* [What you need to do]: Report every line of the material that contains the string "Sleeve".

* [Data supplied]:
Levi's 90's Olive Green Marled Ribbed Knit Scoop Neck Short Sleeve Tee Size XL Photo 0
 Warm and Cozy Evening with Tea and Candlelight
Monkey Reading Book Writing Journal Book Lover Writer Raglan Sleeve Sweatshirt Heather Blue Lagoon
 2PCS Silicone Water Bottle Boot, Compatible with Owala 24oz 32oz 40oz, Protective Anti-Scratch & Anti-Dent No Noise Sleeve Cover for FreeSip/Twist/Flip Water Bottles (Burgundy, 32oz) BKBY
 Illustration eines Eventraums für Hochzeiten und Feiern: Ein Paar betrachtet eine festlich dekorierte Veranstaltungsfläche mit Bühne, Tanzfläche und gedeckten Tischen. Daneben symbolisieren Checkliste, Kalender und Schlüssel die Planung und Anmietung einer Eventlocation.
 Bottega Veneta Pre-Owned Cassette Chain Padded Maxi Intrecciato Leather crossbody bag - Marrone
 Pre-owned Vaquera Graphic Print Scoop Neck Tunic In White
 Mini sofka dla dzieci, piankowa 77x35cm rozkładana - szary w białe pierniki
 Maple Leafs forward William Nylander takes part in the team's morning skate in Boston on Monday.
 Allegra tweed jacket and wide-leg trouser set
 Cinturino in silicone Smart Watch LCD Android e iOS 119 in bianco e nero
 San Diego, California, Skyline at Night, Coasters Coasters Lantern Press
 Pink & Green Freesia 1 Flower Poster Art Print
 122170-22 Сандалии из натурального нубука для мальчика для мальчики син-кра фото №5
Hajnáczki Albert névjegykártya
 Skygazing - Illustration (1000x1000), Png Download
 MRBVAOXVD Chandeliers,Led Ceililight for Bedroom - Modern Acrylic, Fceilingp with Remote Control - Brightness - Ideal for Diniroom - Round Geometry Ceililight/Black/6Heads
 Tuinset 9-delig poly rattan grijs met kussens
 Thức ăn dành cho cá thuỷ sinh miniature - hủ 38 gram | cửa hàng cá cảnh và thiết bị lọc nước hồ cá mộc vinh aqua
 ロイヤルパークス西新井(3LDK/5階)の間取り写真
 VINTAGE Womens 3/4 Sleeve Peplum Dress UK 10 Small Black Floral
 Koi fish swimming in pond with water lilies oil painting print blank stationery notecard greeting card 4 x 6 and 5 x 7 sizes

* [Solution]:
Levi's 90's Olive Green Marled Ribbed Knit Scoop Neck Short Sleeve Tee Size XL Photo 0
Monkey Reading Book Writing Journal Book Lover Writer Raglan Sleeve Sweatshirt Heather Blue Lagoon
 2PCS Silicone Water Bottle Boot, Compatible with Owala 24oz 32oz 40oz, Protective Anti-Scratch & Anti-Dent No Noise Sleeve Cover for FreeSip/Twist/Flip Water Bottles (Burgundy, 32oz) BKBY
 VINTAGE Womens 3/4 Sleeve Peplum Dress UK 10 Small Black Floral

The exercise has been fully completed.